We're Only in IT For The Money - Recording

Recording

Band member Ray Collins had left the Mothers before the New York recording sessions took place, but later rejoined when the band was recording the doo-wop songs that formed the album Cruisin' with Ruben & the Jets. Gary Kellgren was hired as an engineer for the project, and subsequently wound up delivering spoken pieces of dialogue that linked segments of We're Only in It for the Money. During the recording sessions, Verve requested that Zappa remove a verse from the song "Mother People". Zappa complied, but reversed the recording and included the backwards verse as part of the dialogue track "Hot Poop", concluding the album's first side, but this would be removed by Verve themselves on subsequent represses of their own.

While recording We're Only in It for the Money, Zappa discovered that the strings of Apostolic Studios' grand piano would resonate if a person spoke near those strings. The "piano people" experiment involved Zappa having various speakers improvise dialogue using topics offered by Zappa. Various people contributed to these sessions, including Eric Clapton, Rod Stewart and Tim Buckley. The "piano people" voices primarily consisted of Motorhead Sherwood, Roy Estrada, Spider Barbour, All-Night John (the manager of the studio) and Louis Cuneo, who was noted for his laugh, which sounded like a "psychotic turkey".

During the production, Zappa experimented with recording and editing techniques which produced unusual textures and musique concrète compositions; the album featured abbreviated songs interrupted by segments of dialogue and unrelated music which changed the continuity of the album. Segments of orchestral music included on the album came from a solo orchestral album by Zappa previously released by Capitol Records under the title Lumpy Gravy in 1967. MGM claimed that Zappa was under contractual obligation to record for them, and subsequently Zappa re-edited Lumpy Gravy, releasing a drastically different version on Verve Records, after the release of We're Only in It for the Money. The artwork of Lumpy Gravy identified it as "phase 2 of We're Only in It for the Money", while We're Only in It for the Money was identified in its artwork as "phase one of Lumpy Gravy", alluding to the conceptual continuity of the two albums.

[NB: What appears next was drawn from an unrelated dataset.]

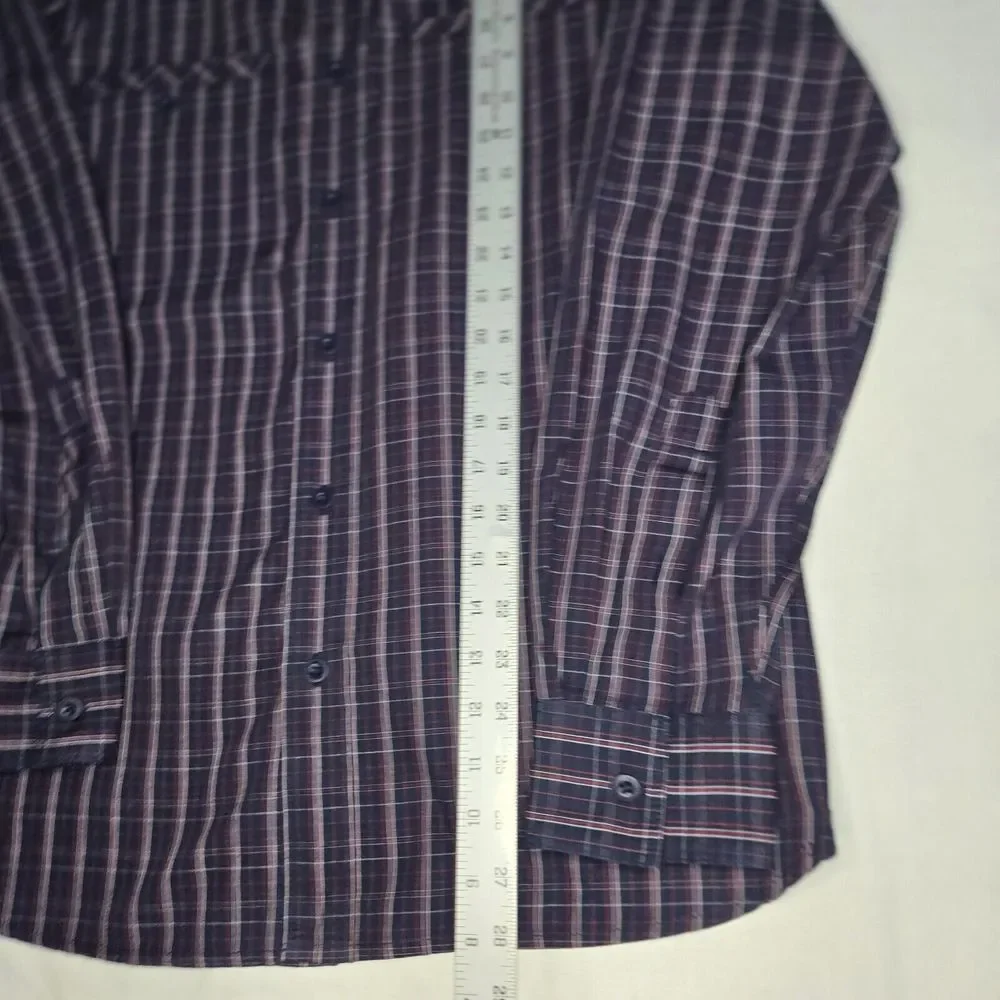 The North Face Men's Shirt Medium Navy Plaid Long Sleeve Button Down Casual‎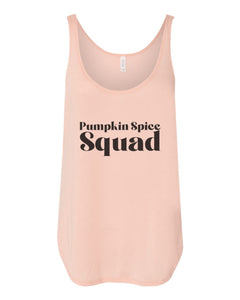 Pumpkin Spice Squad Flowy Side Slit Tank Top - Wake Slay Repeat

Before release, MGM censored several tracks without Zappa's knowledge, involvement or permission. On the song "Absolutely Free", the line "I'm not going to do any more publicity balling for you" was edited by MGM to remove the word "balling", changing the context of the sentence. Additionally, on "Let's Make The Water Turn Black", the line "and I still remember Mama, with her apron and her pad, feeding all the boys at Ed's Cafe" was removed. Zappa later learned that this line was censored because an MGM executive thought that the word "pad" referred to a sanitary napkin, rather than a waitresses order pad. Also censored was the Lenny Bruce reference in "Harry, You're A Beast", and a spoken segment of "Concentration Moon" referring to The Velvet Underground as being "as shitty a group as Frank Zappa's group". Zappa later declined to accept an award for the album upon being made aware of the censorship, stating "I prefer that the award be presented to the guy who modified this record, because what you're hearing is more reflective of his work than mine."